Ohio Legislature Wages Blockbuster Battle Over Film Tax Credits
There’s a fight brewing over a small tax credit cut in the Ohio House version of the two-year state budget.
Speaker Larry Householder (R-Glenford) led the charge to cut the $40 million film tax credit, saying that money would be better spent on reducing income taxes across the board. The budget eliminates income taxes entirely for people making under $22,000 a year.
Householder said after the House budget passed that it was determined to cut what he called “special deals for certain people.”
“We said, you know, it’s special enough to be a citizen of the state of Ohio,” Householder says. “It’s like that movie credit – I care more about Bob Buckeye in Beverly, Ohio, than I do about Bob DeNiro in Beverly Hills. And so we want to make our investment in Ohioans.”
The move won’t necessarily find a welcome audience in the Ohio Senate, though.
“With all respect to the Speaker, that's silly and shortsighted,” said state Sen. Matt Dolan (R-Chagrin Falls). Dolan chairs the Senate Finance Committee, where the House budget now is headed.
Dolan said he’s extremely disappointed the tax credit was cut – and frustrated that there wasn’t more outcry over it. He says it sends a bad message.
“Even when we get it back – and notice I said when, because it's imperative we get it back – we now have to reassure investors, reassure that someone who wants to come out of the film studios, film school, that Ohio is still going to be a great place to work and the investments you make will be backed up,” Dolan said.
Criticism about the film tax credit goes back years. In 2012, conservative Republican state Rep. Lynn Wachtmann (R-Napoleon) said the bottom line is Ohio money is leaving to support an industry in another state.
“God bless the Hollywood folks, but I don’t believe the taxpayers of Ohio should be subsidizing Hollywood with this tax credit,” Wachtmann said.
In 2016, way on the other side of political perspective, Wendy Patton with the progressive leaning research group Policy Matters Ohio called the film tax credit a bad deal for the state.
“The leakiness of this financial mechanism is unparalleled and a waste of taxpayer money," Patton said.
Patton cites a study showing the credit encourages mostly temporary jobs, and she says it would have to be dramatically increased to be more effective.
That’s O.K. by Dolan, who says those who cut the credit didn’t add up the income and sales tax that Ohio would lose.
“I think once we got the mechanics and improvements in place then I think we should be looking to increase the investment, all within the context of a budget, because there's lots of really good things that the governor is trying to do, but I think we need to have a discussion in the Senate about whether we should increase that,” Dolan said.
It appears the rest of the Senate may agree. The day the House committee unanimously passed the budget cutting the credit, the Senate unanimously passed a bill making some changes to the credit and expanding it to theatrical productions – some of which stay in residence in communities for months to retool and finalize the show before it goes to Broadway.
State Sen.

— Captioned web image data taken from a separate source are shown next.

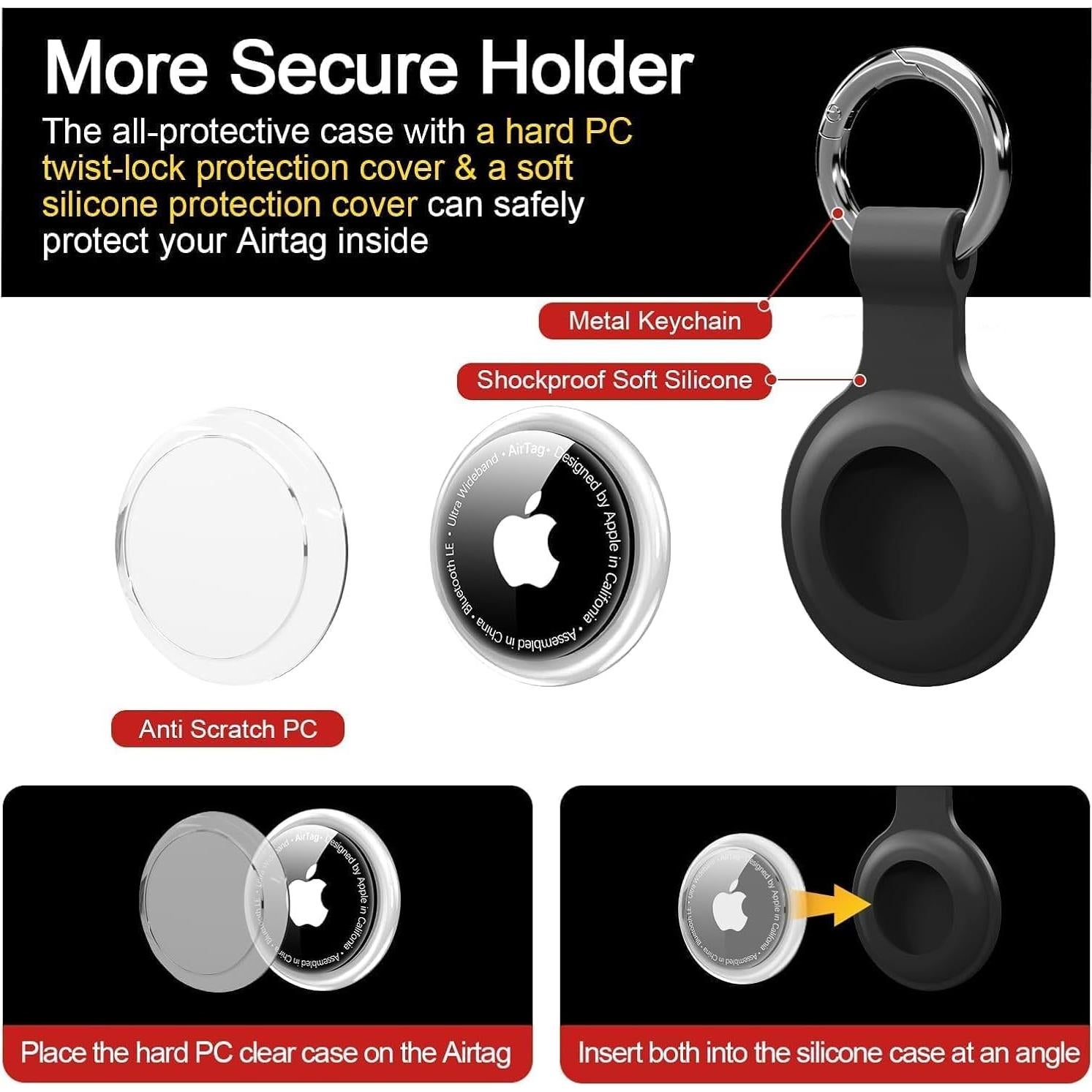 Estuche de llavero para AirTag Vsagier Negro 4 unidades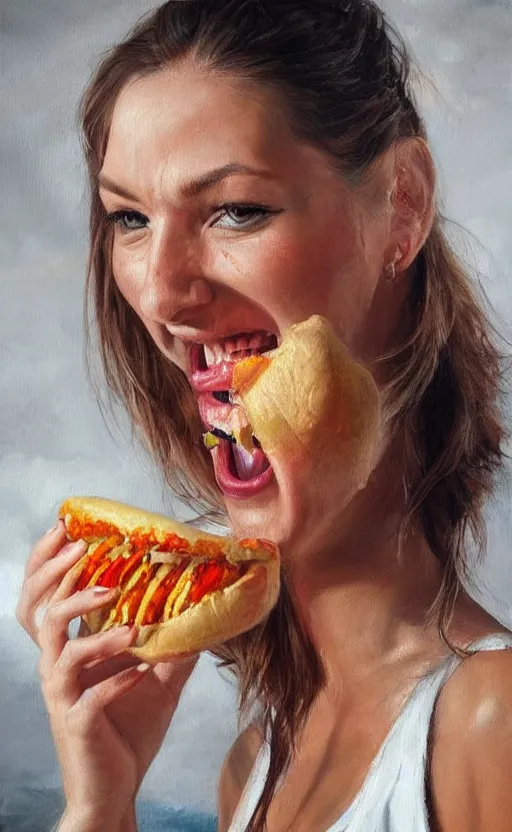 Prompt: amazing very detailed photorealistic painting of a beautiful woman enjoying a delicious mean. vibrant in color, very funny, personal, positive, visually pleasing and engaging. high resolution. high quality. hq hd. trending on artstation.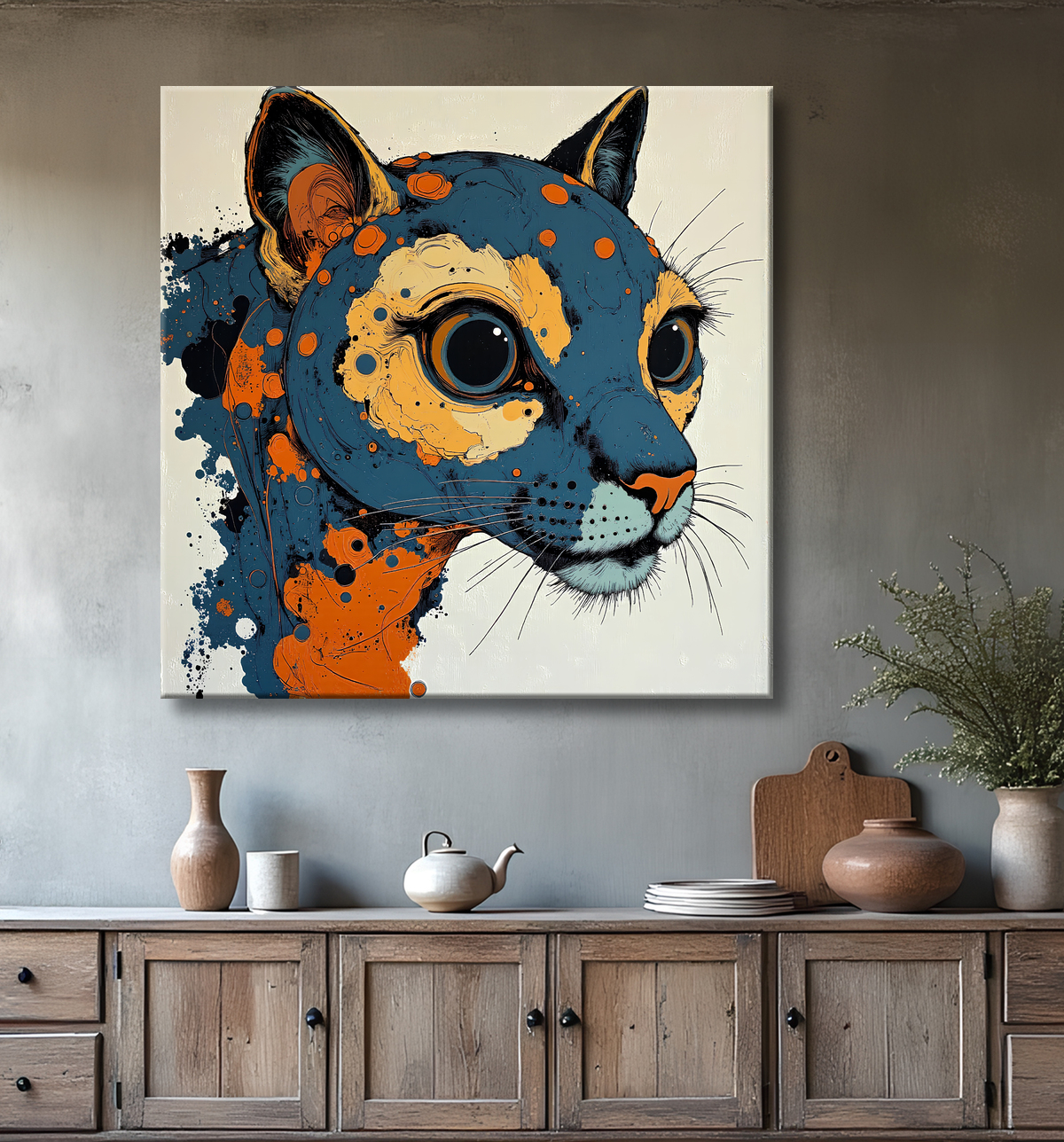 Tableau d'un félin fantastique avec decor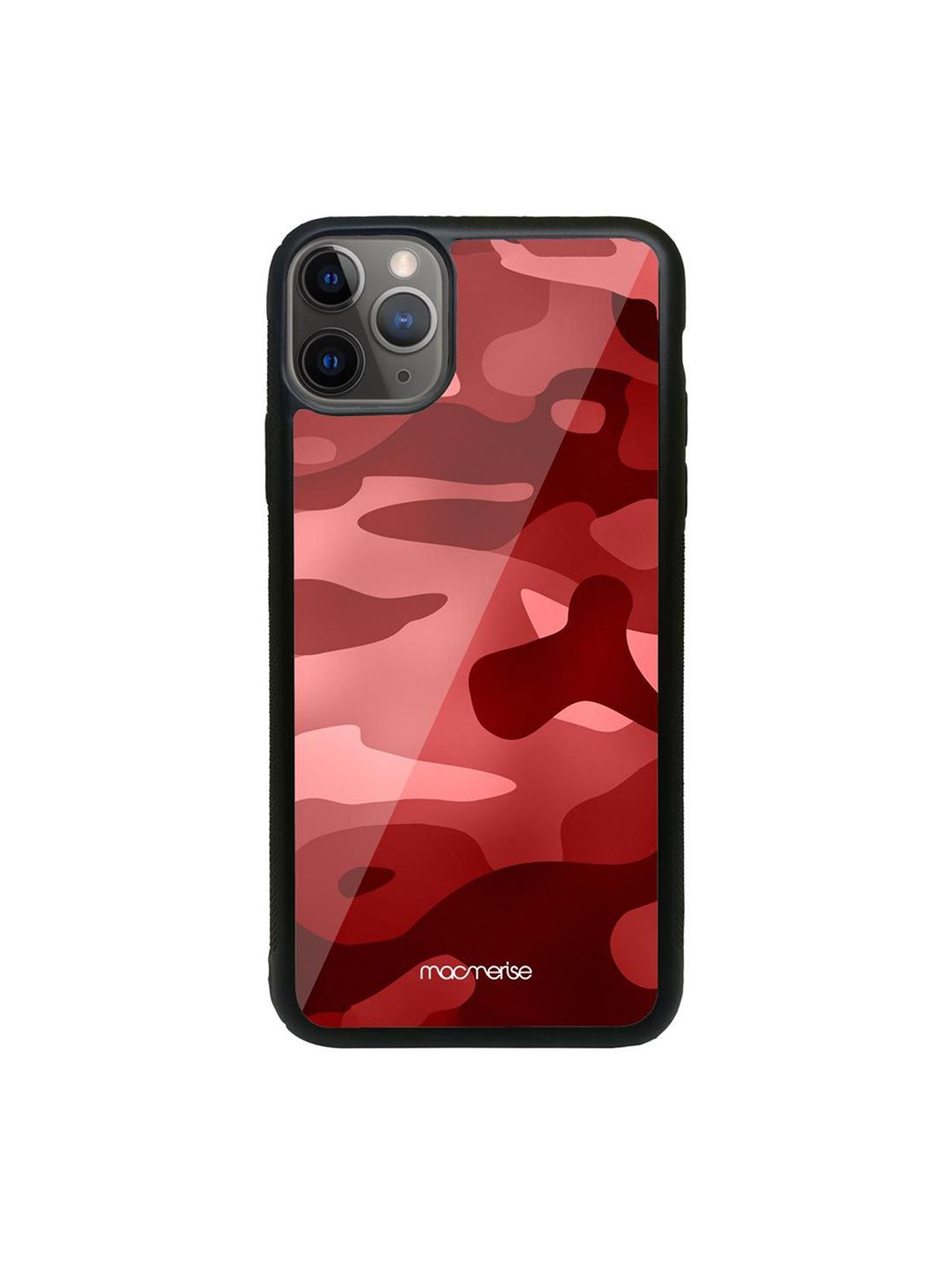 macmerise Red Printed Camo Indian iPhone 11 Pro Max Glass Phone Back Case Price in India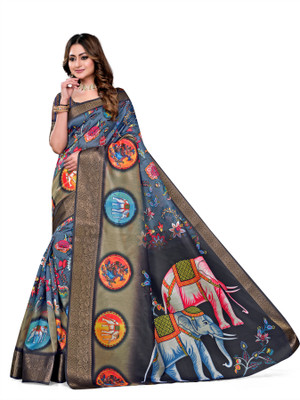 PARVOTSAV Digital Print Bollywood Polyester Saree(Dark Blue)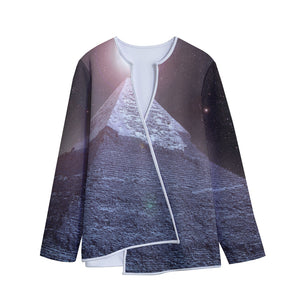 Giza Pyramid Print Long Sleeve Short Coat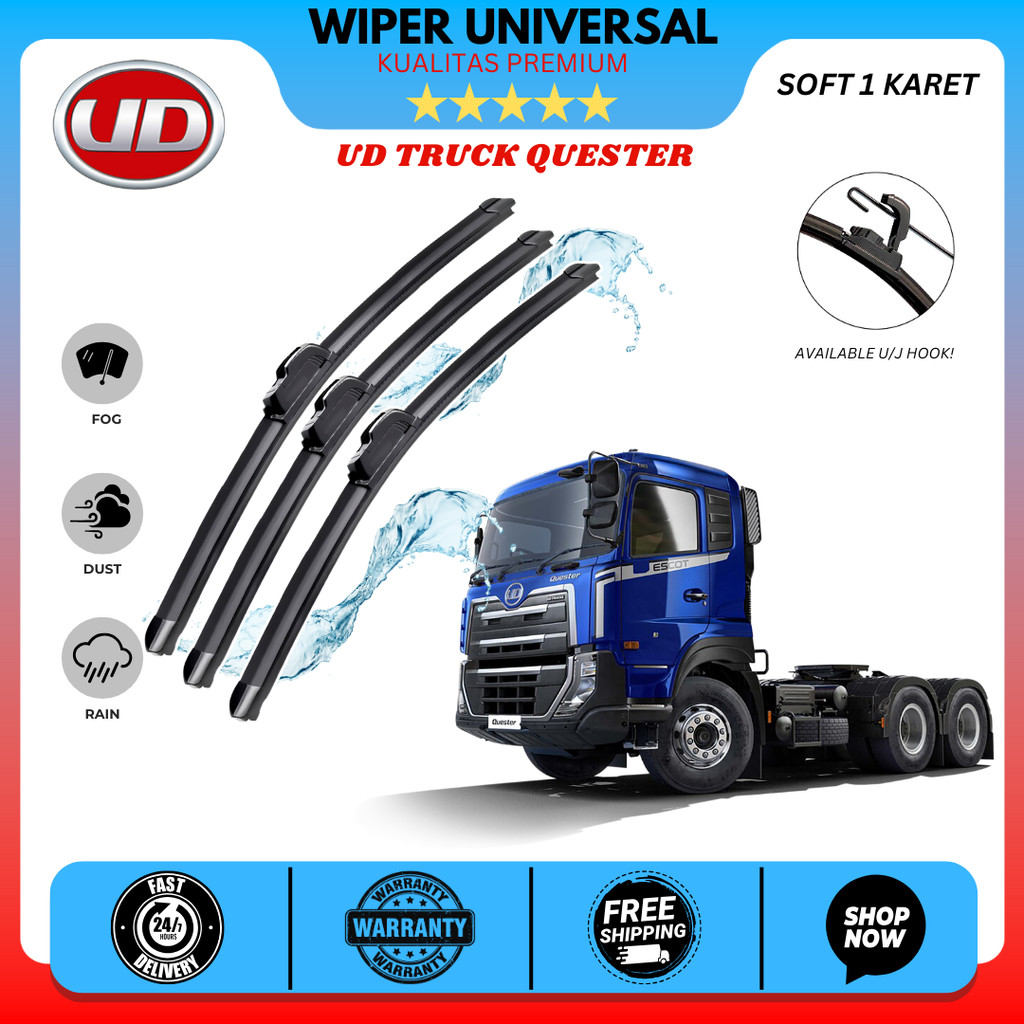UD Trucks Quester ที่ปัดน้ําฝนไร้กรอบสําหรับกระจกรถยนต์ ชุดเดียว ซ้ายและขวา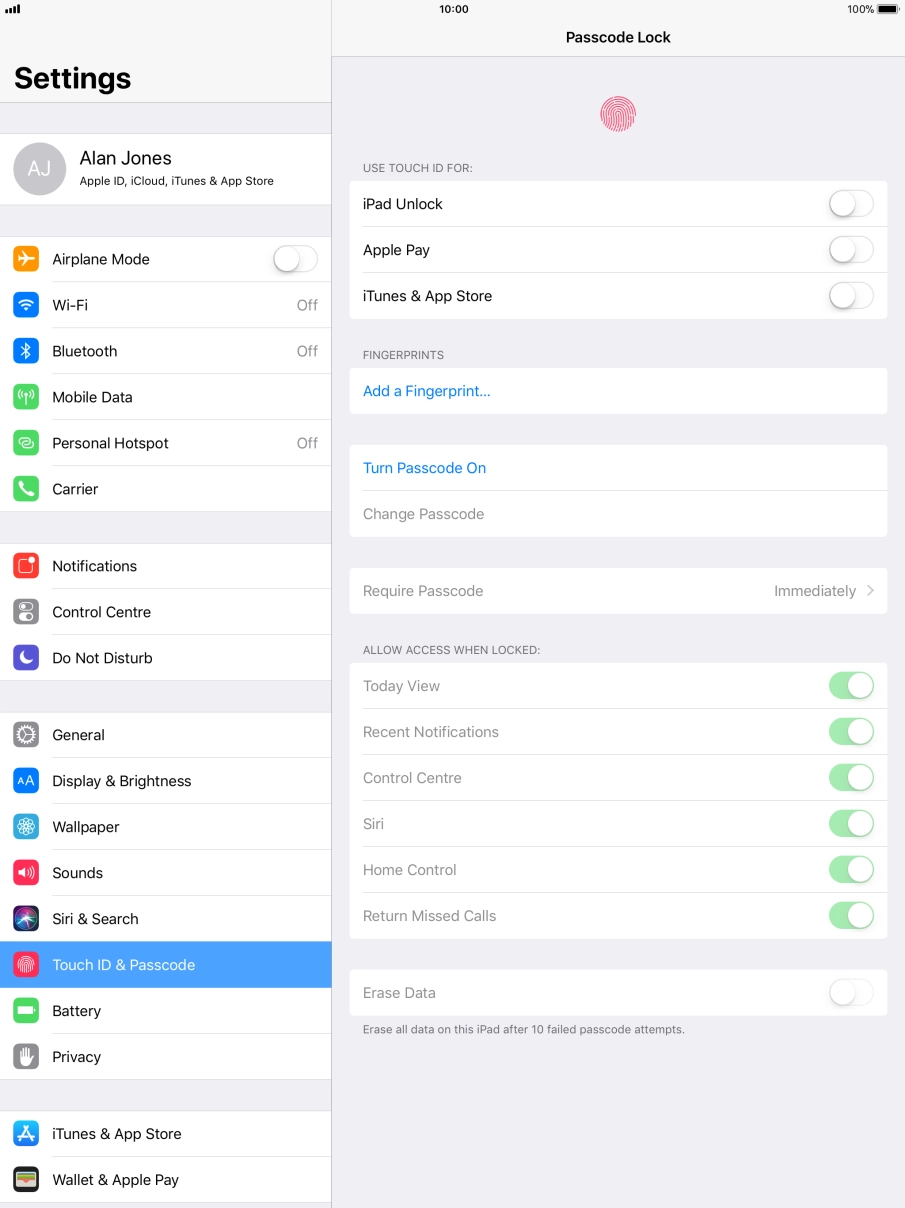 Press Add a Fingerprint... and follow the instructions on the screen to add your fingerprint. Press Add a Fingerprint... and follow the instructions on the screen to add your fingerprint.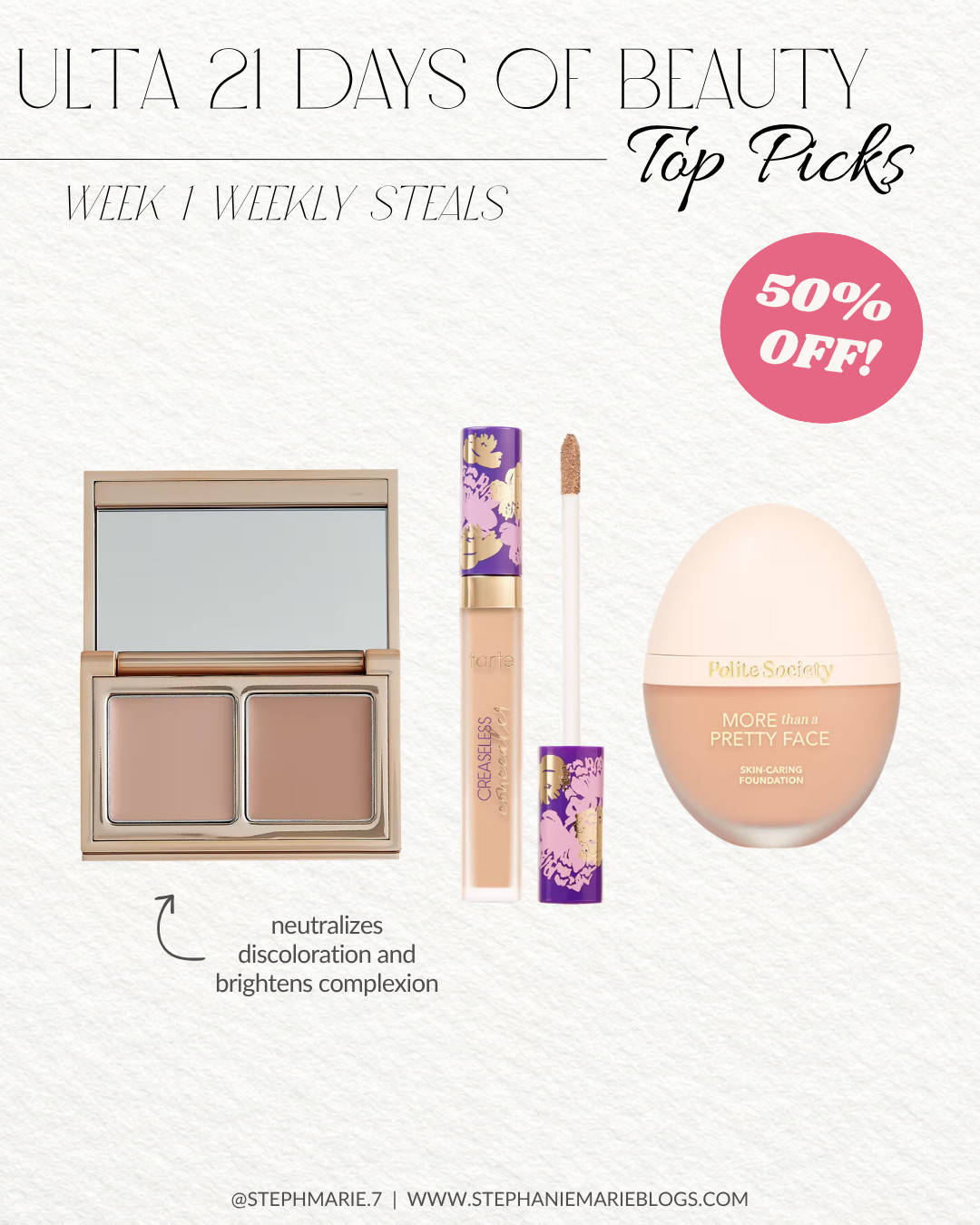 ULTA'S 21 DAYS OF BEAUTY SALE IS HERE ✨ These are my top picks included in this week's weekly steals and are 50% off through September 3! This foundation is one of my favorites for mature skin and the concealer is SO creamy!  

 #LTKOver40 #LTKSaleAlert #LTKBeauty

Kirk Schuring (R-Canton) also said the bill would score applications based on economic development, rather than the current “first-come-first-served” basis.
“It clarifies that the economic impact is divined by the total expenditures made in Ohio, and also puts an emphasis on the jobs that are hired as a result of these projects,” Schuring said.
After that unanimous vote, Senate President Larry Obhof said he’s confident the credit has spurred economic development.
“I believe that it has, and I think the legislature has consistently believed that it has,” Obhof says.
Dolan can’t say where the money would come from to restore the movie tax credit, but is concerned about some of the changes the House made and whether they’ll be a priority in the Senate.